# TASK
Omit every picture, and retype the lines that run from the beginning of the data below through the line containing "莱茵河畔凯尔Modernes Mini-Apartment in", inclusive.
:::::
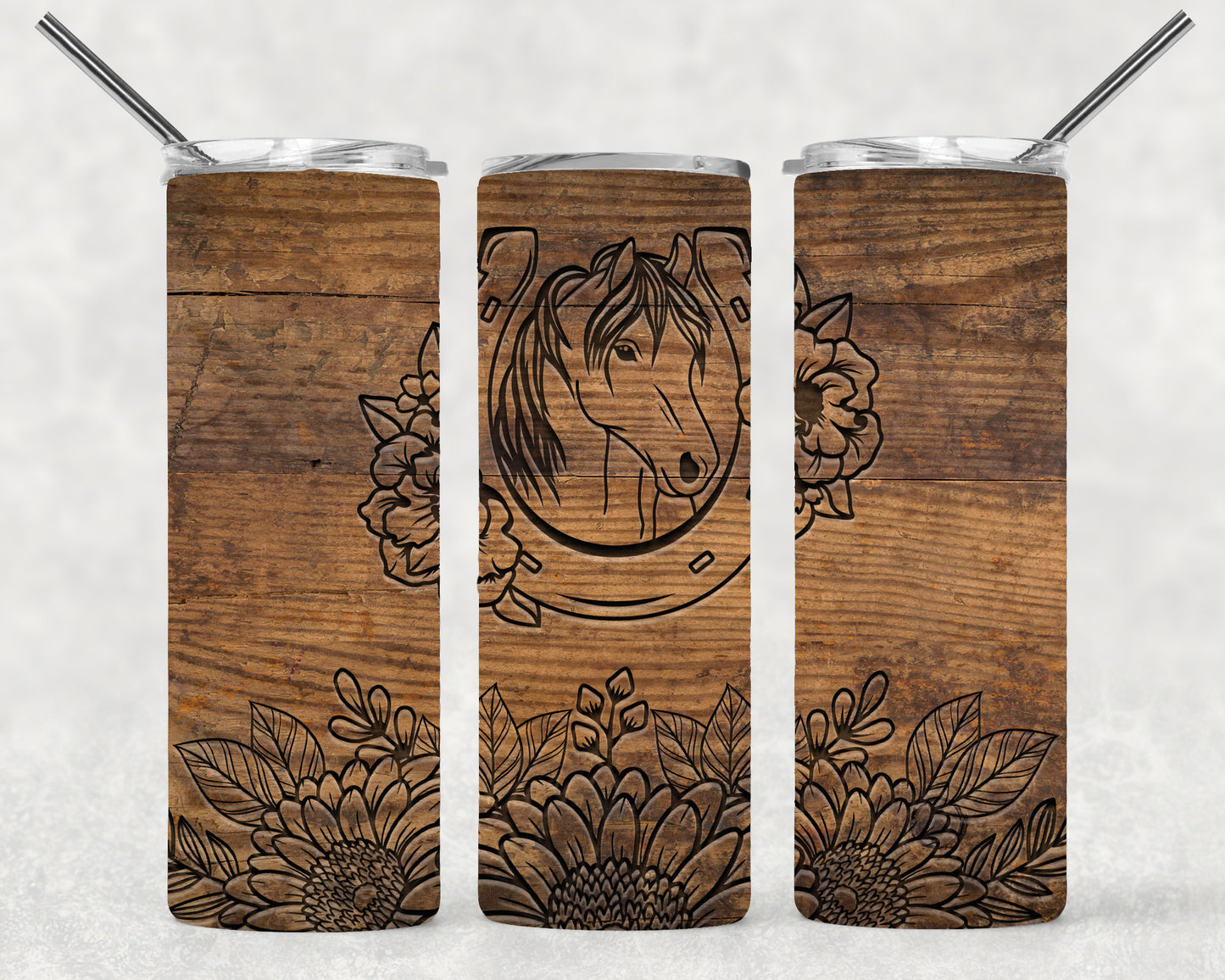 Engraved Horseshoe Wrap For Straight Tumbler-S27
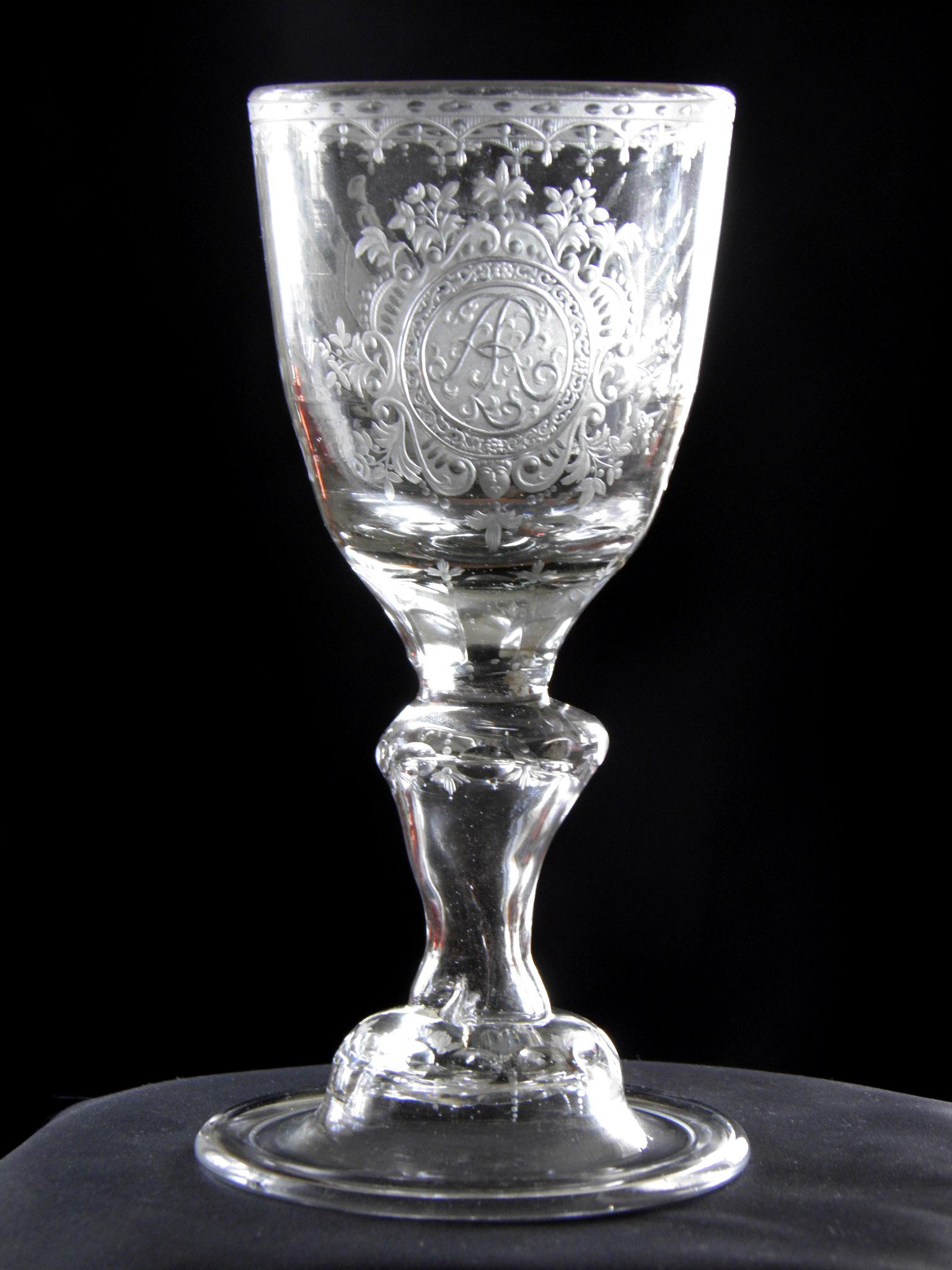 Bohemian Antique European Historical Crystal Glass Goblet Augustus Rex, 18th Century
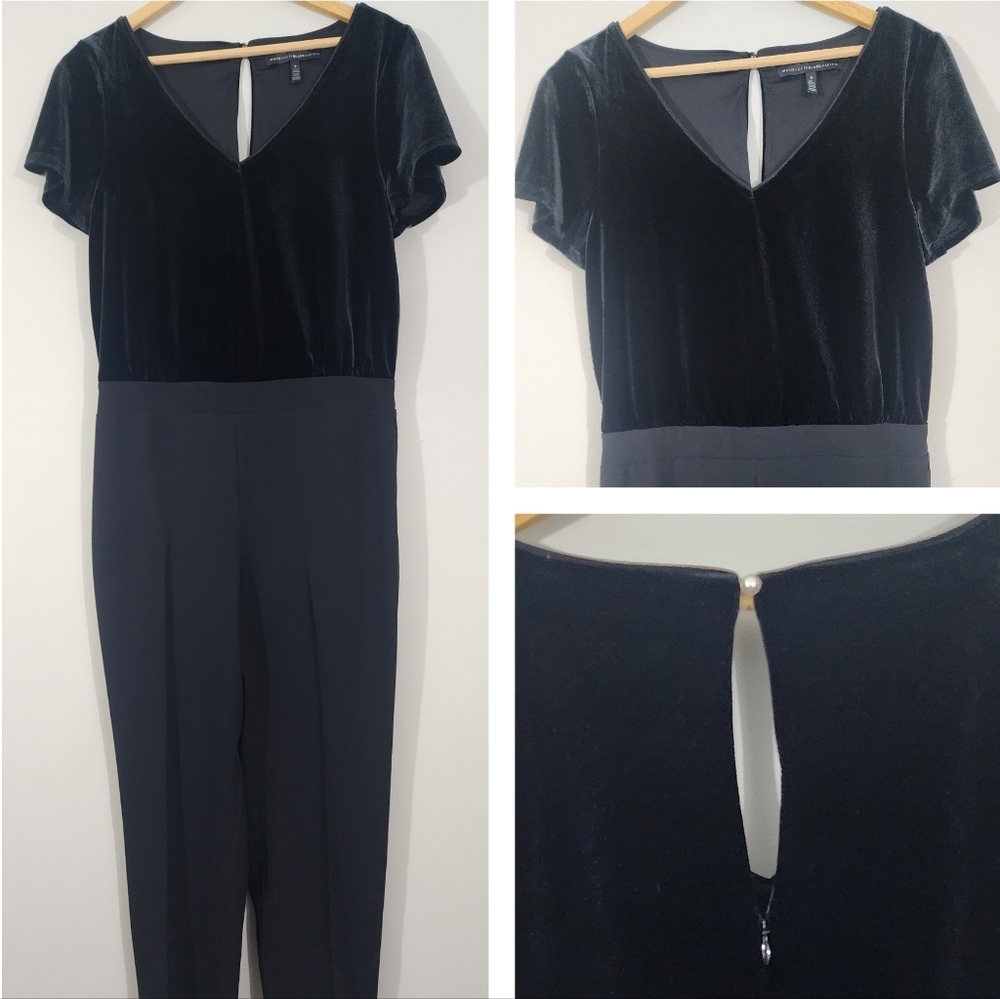 Whbm velvet‎ jumpsuit Bodice Short Sleeve Jumpsuit women's size 8
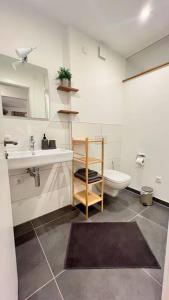 莱茵河畔凯尔Modernes Mini-Apartment in Kehl Kork的白色的浴室设有卫生间和水槽。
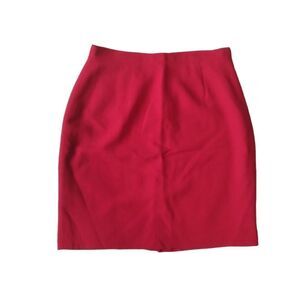 Vintage Casual Corner Bright Red Classic Above Knee Length Pure Wool Mark Skirt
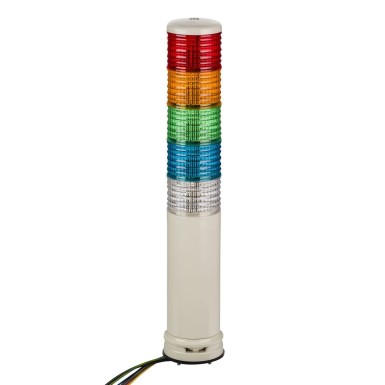 XVC6M55SK - Harmony XVC, Monolithic precabled tower light, plastic, red orange green blue clear, Ш60, tube mount, steady or flashing, buzzer, IP54, 100…240 V AC - Schneider Electric - Harmony XVC, Monolithic precabled tower light, plastic, red orange green blue clear, Ш60, tube mount, steady or flashing, buzzer, IP54, 100…240 V AC - Schneider Electric - 0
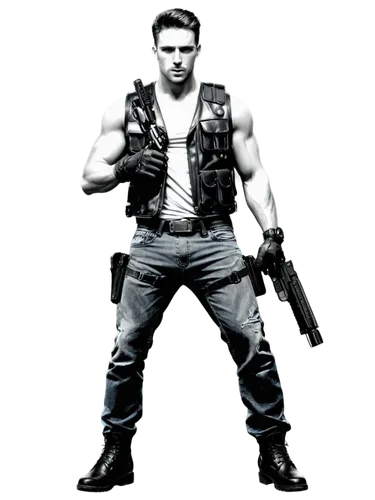 terminator,man holding gun and light,bsaa,wesker,guile,herminator,axton,vaas,3d figure,punisher,action hero,actionfigure,vaan,terminate,schwarzenegger,ferrigno,macmanus,plissken,action figure,jcvd,Illustration,Black and White,Black and White 30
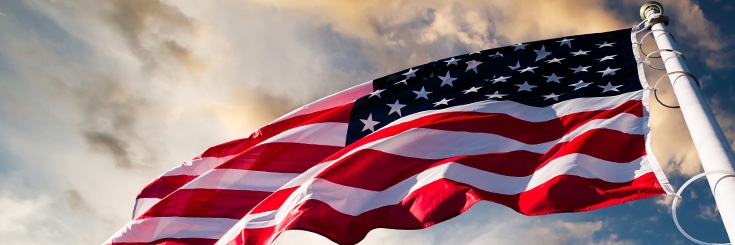 American flag, takes you to USA.gov's landing page on U.S. residency, green cards, and citizenship requirements and related issues.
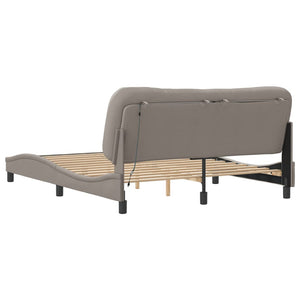 vidaXL LED Bed Frame without Mattress "Hvar" Taupe 160x200 cm Fabric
:::::
# RESPONSE BOX
 Engraved Horseshoe Wrap For Straight Tumbler-S27
 Bohemian Antique European Historical Crystal Glass Goblet Augustus Rex, 18th Century
 Whbm velvet‎ jumpsuit Bodice Short Sleeve Jumpsuit women's size 8
 莱茵河畔凯尔Modernes Mini-Apartment in Kehl Kork的白色的浴室设有卫生间和水槽。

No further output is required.